Required action -
Return nothing except the lines from the one that contains "Porte coulissante g" through the end of the material below, each exactly as given.

▬▬▬▬▬▬

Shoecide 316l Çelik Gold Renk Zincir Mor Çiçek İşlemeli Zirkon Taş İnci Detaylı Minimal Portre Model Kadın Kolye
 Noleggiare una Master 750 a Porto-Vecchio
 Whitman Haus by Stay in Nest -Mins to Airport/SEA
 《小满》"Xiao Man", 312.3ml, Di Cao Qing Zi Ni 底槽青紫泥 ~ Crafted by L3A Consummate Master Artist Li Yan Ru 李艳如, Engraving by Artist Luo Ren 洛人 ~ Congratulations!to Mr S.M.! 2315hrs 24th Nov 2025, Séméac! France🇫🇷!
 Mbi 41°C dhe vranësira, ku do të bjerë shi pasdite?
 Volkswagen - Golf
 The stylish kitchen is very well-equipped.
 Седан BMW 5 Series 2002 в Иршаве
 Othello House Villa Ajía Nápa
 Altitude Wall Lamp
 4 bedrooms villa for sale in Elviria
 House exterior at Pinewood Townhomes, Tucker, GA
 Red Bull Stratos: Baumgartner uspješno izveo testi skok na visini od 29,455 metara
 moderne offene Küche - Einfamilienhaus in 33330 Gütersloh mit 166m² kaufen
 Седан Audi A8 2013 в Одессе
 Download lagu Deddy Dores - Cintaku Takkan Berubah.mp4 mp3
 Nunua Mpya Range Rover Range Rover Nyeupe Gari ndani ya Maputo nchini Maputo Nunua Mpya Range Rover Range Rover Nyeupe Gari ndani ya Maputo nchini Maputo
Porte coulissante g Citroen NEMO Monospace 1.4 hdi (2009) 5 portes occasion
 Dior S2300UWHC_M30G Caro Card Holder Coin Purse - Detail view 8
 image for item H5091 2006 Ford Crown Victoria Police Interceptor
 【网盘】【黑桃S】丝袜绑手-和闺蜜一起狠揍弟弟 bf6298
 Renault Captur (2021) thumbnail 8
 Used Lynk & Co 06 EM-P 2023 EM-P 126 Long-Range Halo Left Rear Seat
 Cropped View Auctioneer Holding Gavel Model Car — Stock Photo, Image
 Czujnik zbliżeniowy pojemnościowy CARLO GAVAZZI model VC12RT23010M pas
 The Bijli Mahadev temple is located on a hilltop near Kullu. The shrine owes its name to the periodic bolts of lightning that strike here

▬▬▬▬▬▬

Task output -
Porte coulissante g Citroen NEMO Monospace 1.4 hdi (2009) 5 portes occasion
 Dior S2300UWHC_M30G Caro Card Holder Coin Purse - Detail view 8
 image for item H5091 2006 Ford Crown Victoria Police Interceptor
 【网盘】【黑桃S】丝袜绑手-和闺蜜一起狠揍弟弟 bf6298
 Renault Captur (2021) thumbnail 8
 Used Lynk & Co 06 EM-P 2023 EM-P 126 Long-Range Halo Left Rear Seat
 Cropped View Auctioneer Holding Gavel Model Car — Stock Photo, Image
 Czujnik zbliżeniowy pojemnościowy CARLO GAVAZZI model VC12RT23010M pas
 The Bijli Mahadev temple is located on a hilltop near Kullu. The shrine owes its name to the periodic bolts of lightning that strike here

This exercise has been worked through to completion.